The Ministry of Finance has announced major amendments to the VAT regulations in the UAE 2026. These changes were brought about by Federal Decree-Law No. 16 of 2025, which amended Federal Decree-Law No. 8 of 2017 on VAT. The MoF has also amended the Tax Procedures Law by issuing Federal Decree-Law No. 17 of 2025, which amends certain provisions of Federal Decree-Law No. 28 of 2022. These latest developments took effect on January 1st 2026. The latest amendments to the UAE VAT Law on e-invoicing have been introduced to ensure the UAE’s objectives of achieving compliance, improving interaction with the FTA, and increasing transparency are met.
The amended VAT regulations in the UAE in 2026 are as follows. Every business operating in the UAE should be aware of these VAT-related changes as they form a core part of the future rollout of e-invoicing regulations.
Article 48, Clause 1 – Reverse Charge
Taxpayers are no longer required to issue self-tax invoices when importing goods or services required for their business. This has brought about a much-needed change that will lead to higher compliance and greater ease of doing business. It will eliminate the need to issue self-invoices, a tedious extra step, thereby improving administrative efficiency. Businesses are required to store supporting documents related to all their supply transactions. This amendment will ensure simpler auditing in the future.
Article 74, Clause 3 – Excess Recoverable Tax
The amended VAT regulation changes UAE 2026 include information on the VAT return balance (also called the excess recoverable tax). It states that businesses can carry forward the balance for up to 5 years, starting at the end of the tax period. Businesses must either submit a refund request or utilise the amount to offset VAT liabilities. Businesses must ensure this is done within five years of reconciliation.

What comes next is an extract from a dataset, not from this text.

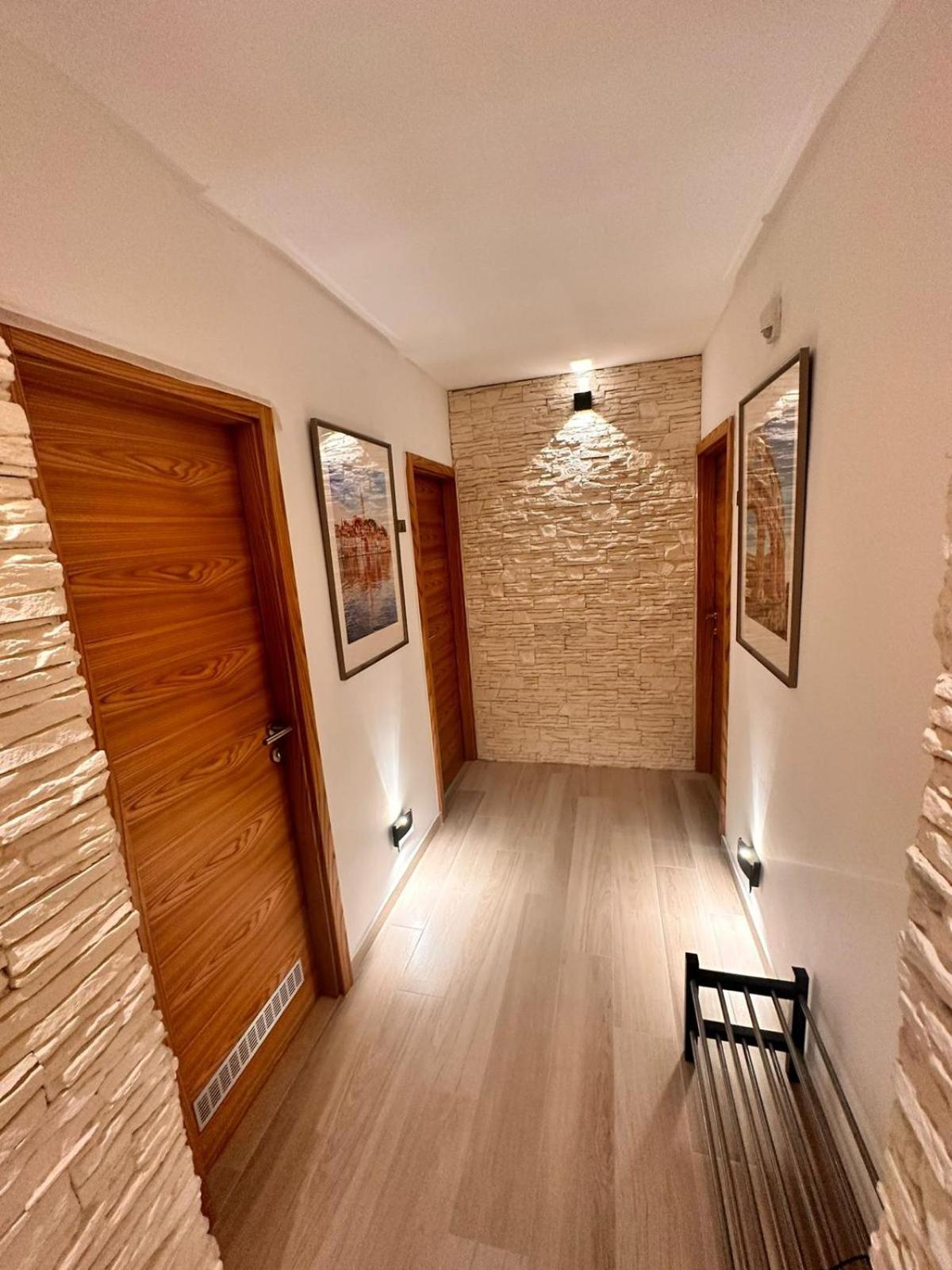 PUY Old City Inn *** מראה חיצוני תמונה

If the business does not utilise the claim within the stipulated time, it will lose the right to claim, and the claim will automatically expire. This stipulation will bar the taxpayer from using the excess recoverable tax to obtain a refund or to offset VAT liabilities. Businesses must continually review and assess to ensure all excess recoverable input tax is claimed or used to prevent recoverable VAT loss.

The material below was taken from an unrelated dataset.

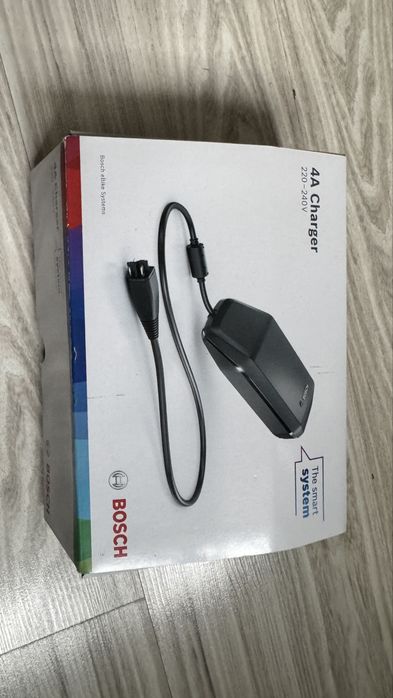 Ladowarka Bosch smart 4a trek cube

The five-year time frame ensures businesses do not have a heap of old balances piling up. This helps businesses have sufficient time to claim their excess recoverable tax, thereby simplifying tax procedures. It also improves businesses' financial performance and aligns with regulations in other major parts of the world. Another benefit is that all taxpayers will be treated equally.

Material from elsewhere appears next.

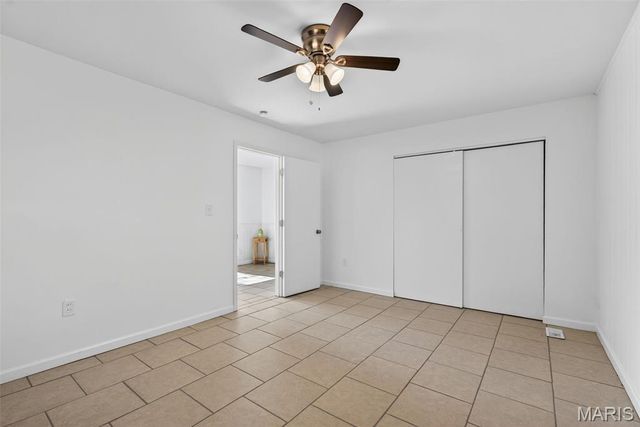 10124 Tamworth Drive, St Louis, MO 63136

Additions to Article 54 - Recoverable Input Tax
The latest amendments to the UAE VAT law on e-invoicing include additional provisions to Article 54, as follows.
- If the tax authority finds that the supply is linked to tax evasion and the taxpayer was aware of the fact when claiming an input tax deduction, it will reject the claim instantly.
- The tax authority may reject input tax deductions if it finds that the taxpayer should have been aware of the tax evasion based on the supply situation.
- If the taxpayer does not verify, validate, or check the integrity of the received supplies but nonetheless claims the input tax, the authority will assume the taxpayer is aware of the tax evasion.
These additions are important improvements to the UAE VAT Law because they strengthen governance. They also imbibe the culture of shared responsibility and securing the revenue for the betterment of the economy. Tax evasion has been a serious issue. By adding these to the article, the FTA ensures that tax evasion is a practice of the past, with consequences if any party is found guilty.
Article 79 (Bis) – Statute of Limitations
This article has been removed, and any provisions that do not align with the UAE VAT law are considered invalid or inapplicable as of this point forward, per the Ministry of Finance.
The amendments to the VAT Law have been introduced to accommodate e-invoicing, which is expected to change the business landscape in the UAE. By amending these provisions, the UAE has ensured its readiness to adapt to changing times and its focus on a digitised economy. The UAE can better focus on improving governance and enforcing stringent rules against tax evaders through the new e-invoicing system and the amended VAT Laws. By ensuring the VAT Law takes effect months before the official roll-out of the phased implementation directive, the UAE is on the right track to improve businesses' understanding of the new changes.